Giant forest genet
|Giant forest genet|
|Giant forest genet range|
The giant forest genet (Genetta victoriae), also known as the giant genet, is a genet species endemic to the Congo Basin. As it is considered as widely distributed and common, it is listed as Least Concern on the IUCN Red List.
The giant genet has a yellowish white short and thick fur with numerous black spots. It is whitish on top of the muzzle and between the eyes. From behind the ears two dark bands run backwards, and a black stripe runs along the spine.

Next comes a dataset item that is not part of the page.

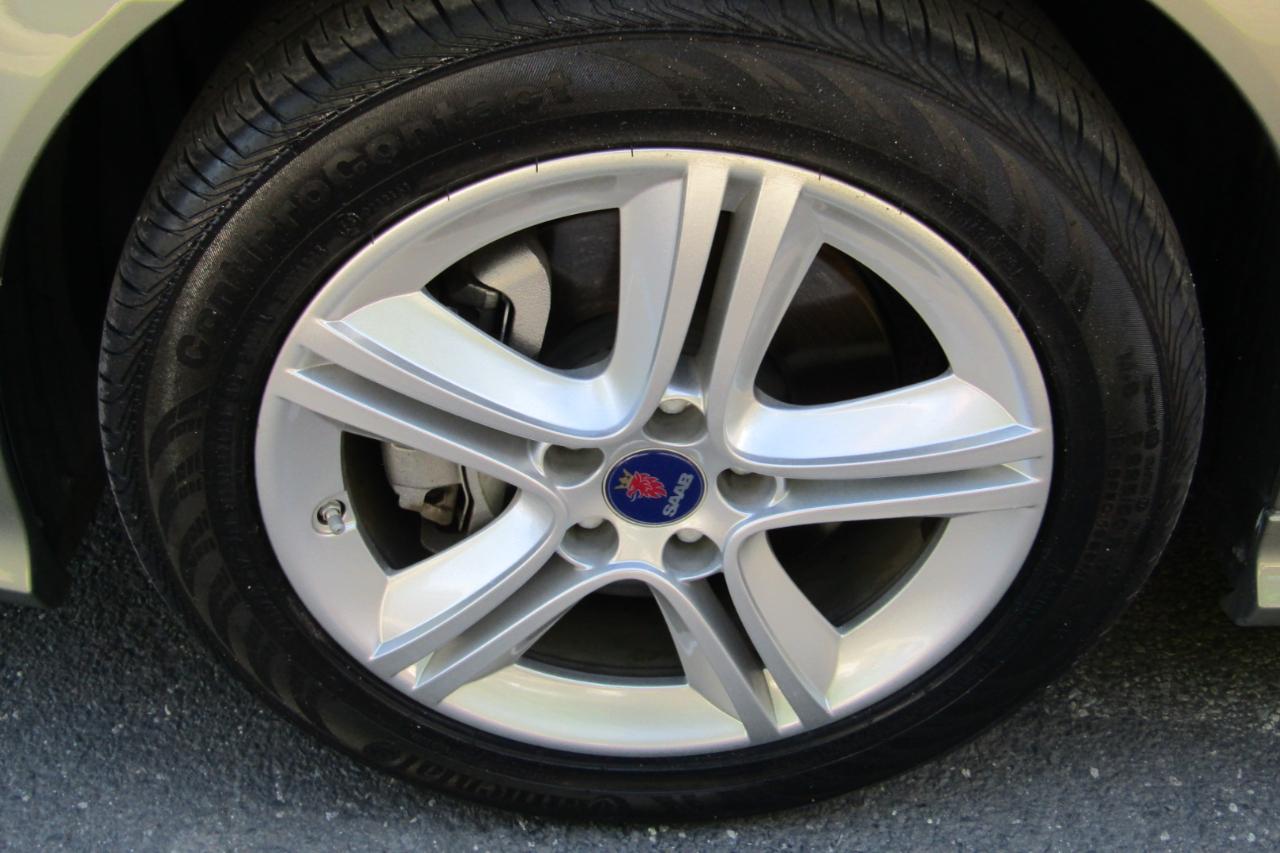 Saab 9-3 4dr Sdn 2.0T XWD 2009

Its long bushy tail has broad black and six narrower white rings and is black on the tip.
Measurements of museum specimen range from 55 to 60 cm (22 to 24 in) in head and body with a 413 to 490 mm (16.3 to 19.3 in) long tail.
- Gaubert, P.; Dinets, V. & Do Linh San, E. (2016). "Genetta victoriae". The IUCN Red List of Threatened Species. IUCN. 2016: e.T41703A45219531. doi:10.2305/IUCN.UK.2016-1.RLTS.T41703A45219531.en. Retrieved 30 October 2018.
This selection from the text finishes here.